Im Fall eines Einnahmenüberschusses: In diesem Umfang erfolgt die Anrechnung eines Konkubinatsbeitrags an die alleine unterstützte Partnerin und Mutter der Kinder.

Im Fall eines Ausgabenüberschusses: Die drei minderjährigen Kinder wären in das Budget der Partnerin und Mutter aufzunehmen. Das volljährige unterhaltsberechtigte Kind könnte diesfalls beim nicht unterstützten Partner und Vater belassen werden. Der Konkubinatsbeitrag wäre anschliessend ohne Erweiterungen zu berechnen. Dabei kämen die oben erwähnten Grundsätze bei der Berücksichtigung der Einnahmen des Kindes ebenfalls zur Anwendung.

Die für das erwachsene Kind ungünstigere und weniger pragmatischere Variante wäre, wenn es nicht einbezogen würde. In diesem Fall würde der Konkubinatsbeitrag nur auf Basis des Bedarfs des nicht unterstützten Partners bemessen werden. Auf Seiten der Sozialhilfe müsste dann aber abgeklärt werden, ob das erwachsene Kind alleine zu unterstützen wäre. Für diese Variante könnte letztlich sprechen, wenn das Kind ein Vermögen über Fr. 4000 besitzen würde. So könnte es verpflichtet werden, das Vermögen bis Fr. 4000 für seinen Bedarf aufzubrauchen. Aus meiner Sicht bestehen hier Ermessensspielräume, die zu Gunsten des sich in Ausbildung befindlichen Kindes genutzt werden könnten.  

 

- Schlussfolgerung

Die dargelegte Rechtslage führt dazu, dass die von Ihnen genannte Variante 1 möglich ist, wenn der Vater den Unterhalt aller Kinder decken kann, und zwar auf Basis des erweiterten SKOS-Budgets ohne Schuldentilgung. Die Variante 2 käme im Fall eines Ausgabenüberschusses zum Tragen, jedoch kommt aus meiner Sicht nicht in Frage, dass das volljährige Kind in der Unterstützungseinheit der Mutter berücksichtigt würde, vielmehr wäre es beim Vater zu berücksichtigen, oder allenfalls als eigene Unterstützungseinheit.
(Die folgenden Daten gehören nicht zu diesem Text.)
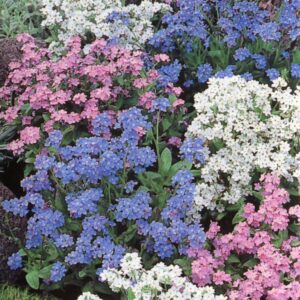 Forget Me Not Seeds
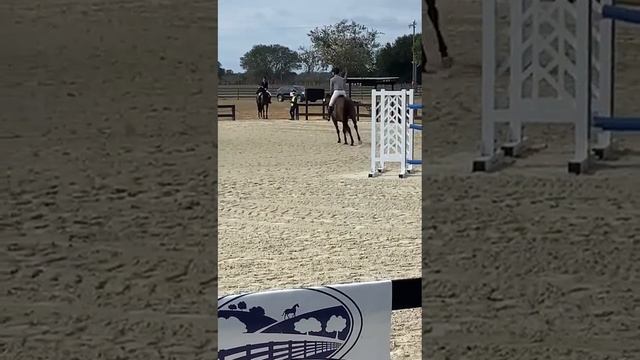 Mira Show Jumping - 2023 Rocking Horse 1 смотреть онлайн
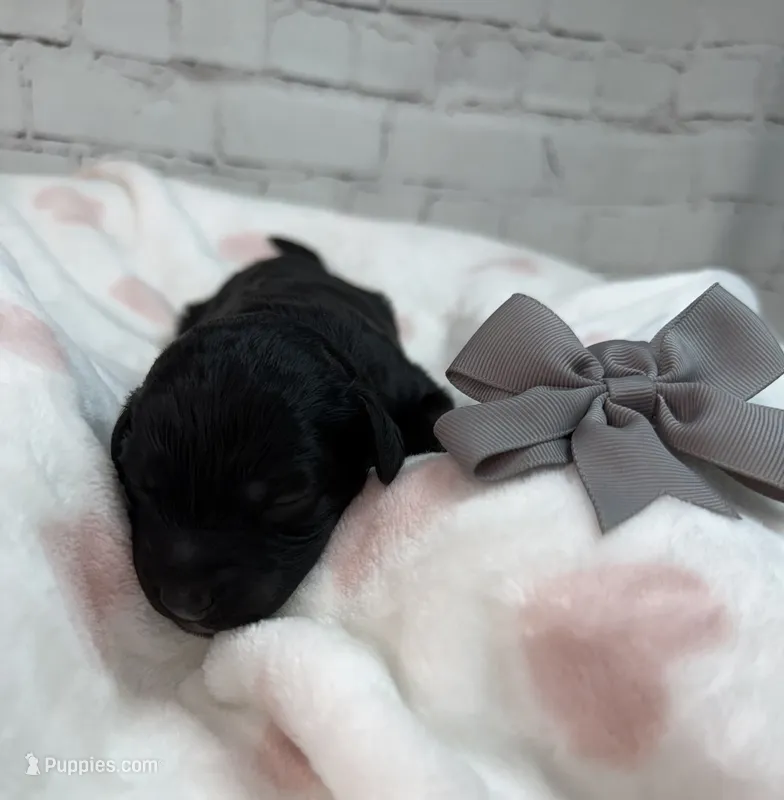 Trudy – Poodle - Miniature , Shepadoodle puppy for sale in Concord, NC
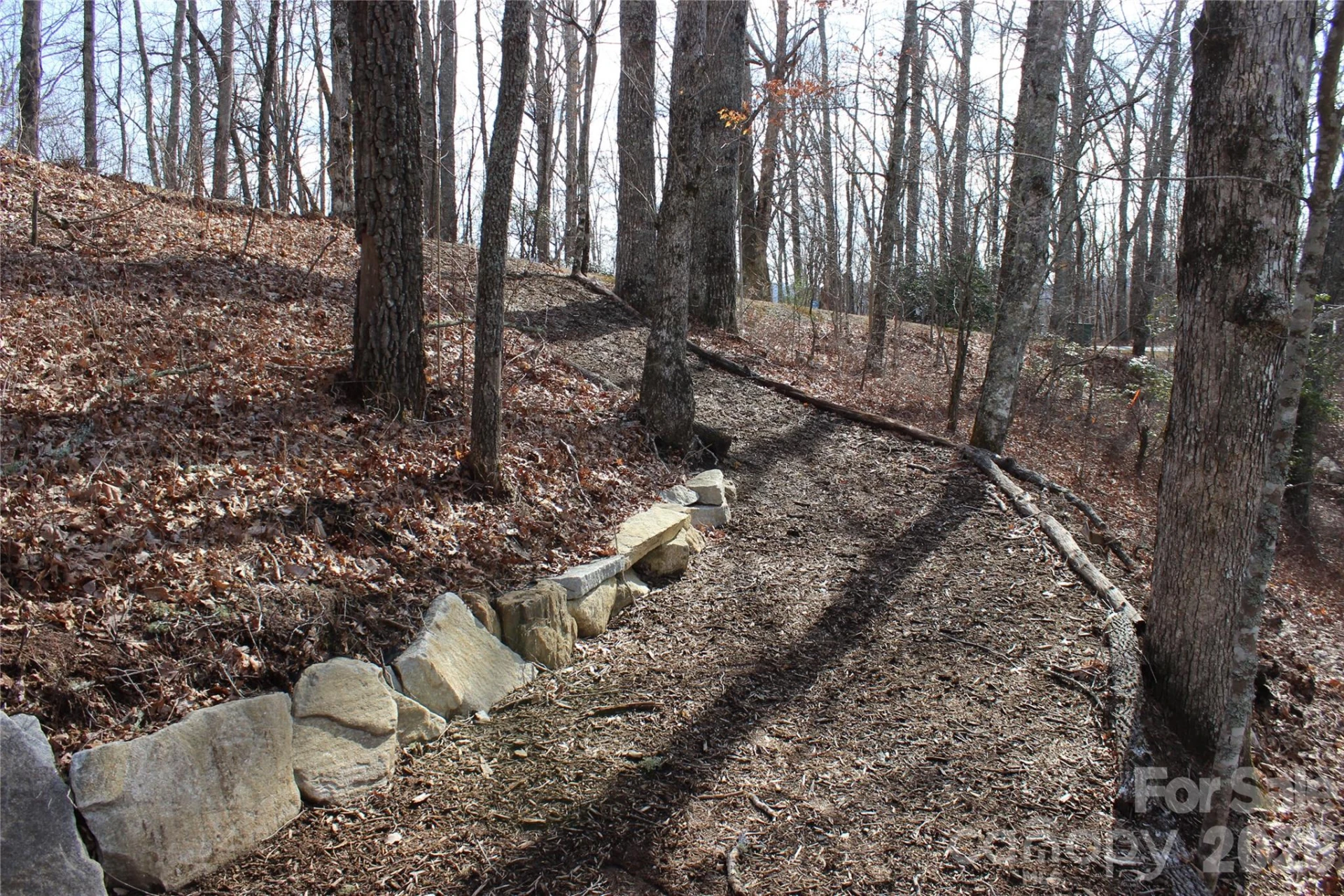 Lots 82 & 83 Waterdance Drive - Photo 7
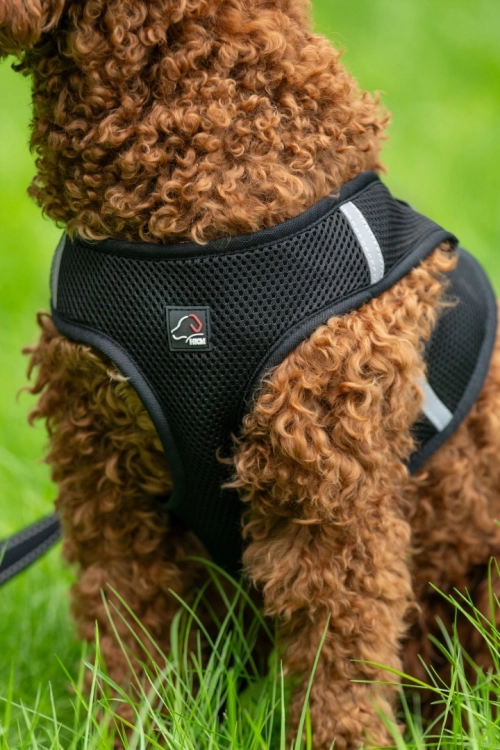 szelki-hkm-buddy-soft12.jpg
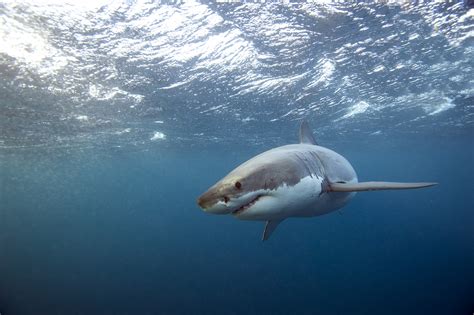 Great White Shark Over 13ft And 1500lbs Tracked Near South Carolina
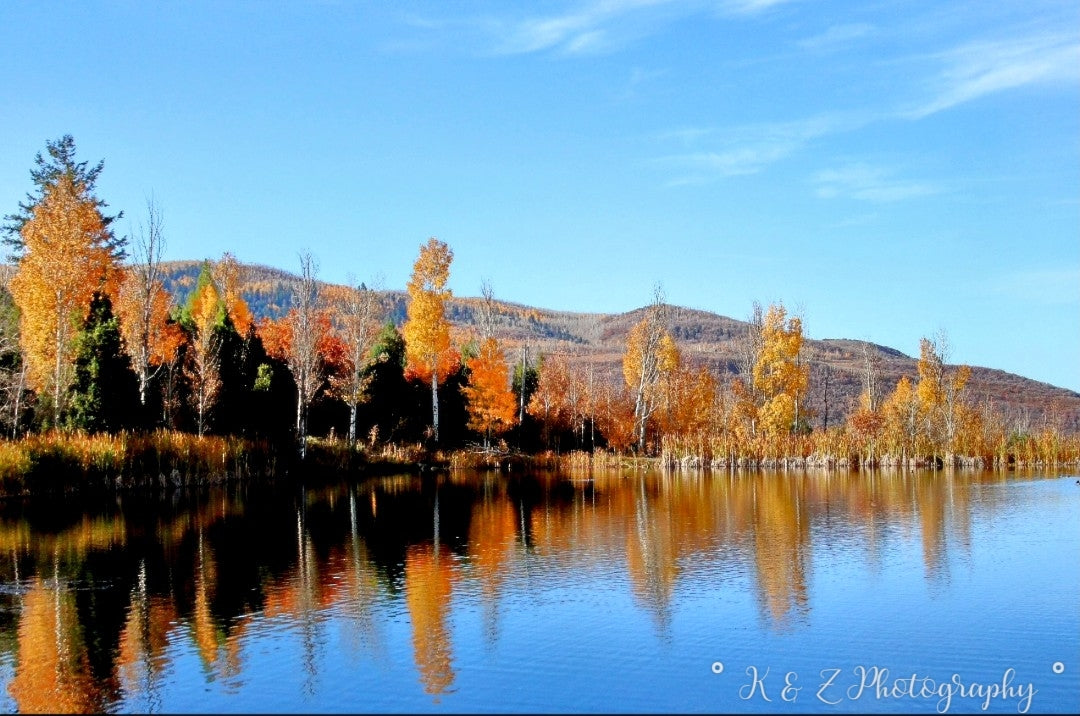 Reflective Pond Landscape Photography Canvas 8x10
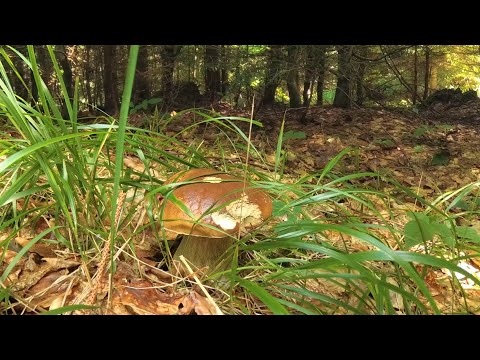 Видео: Только белые грибы! Начало грибного сезона в августе 21-го.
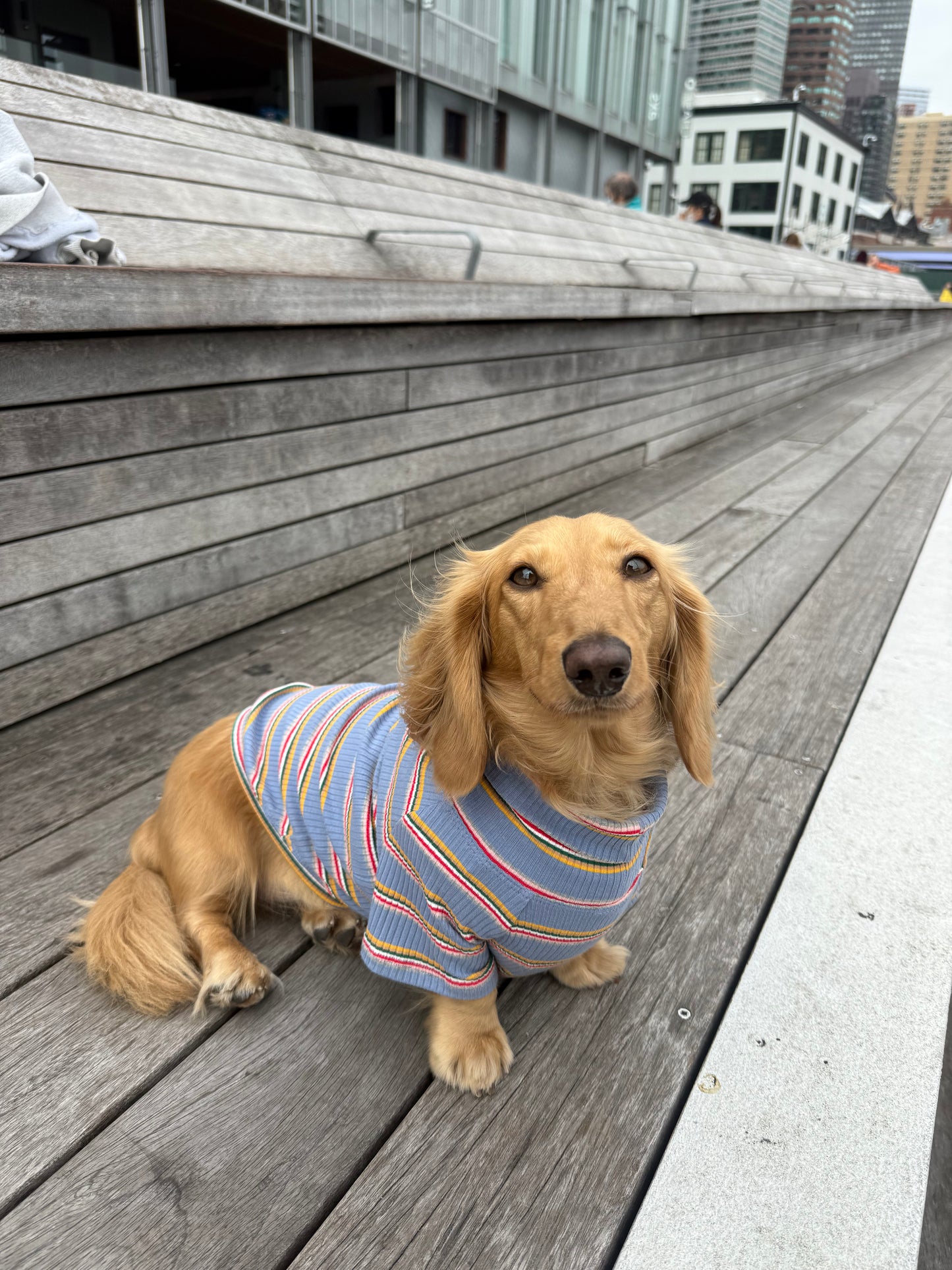 Frosted Berry Dog Shirt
Für die Variante 3 sehe ich keine Basis.

Ergänzend möchte ich abschliessend noch Folgendes festhalten: Kann das volljährige Kind für sich selber sorgen und würde es sogar einen Einnahmenüberschuss vorweisen, wäre legitim, dass eine Haushaltsentschädigung geprüft würde, wenn die Mutter für das volljährige Kind den Haushalt besorgt (vgl. dazu Kap. F.5.2 SKOS-RL).

Ich hoffe, Ihnen damit Ihre Fragen beantwortet zu haben.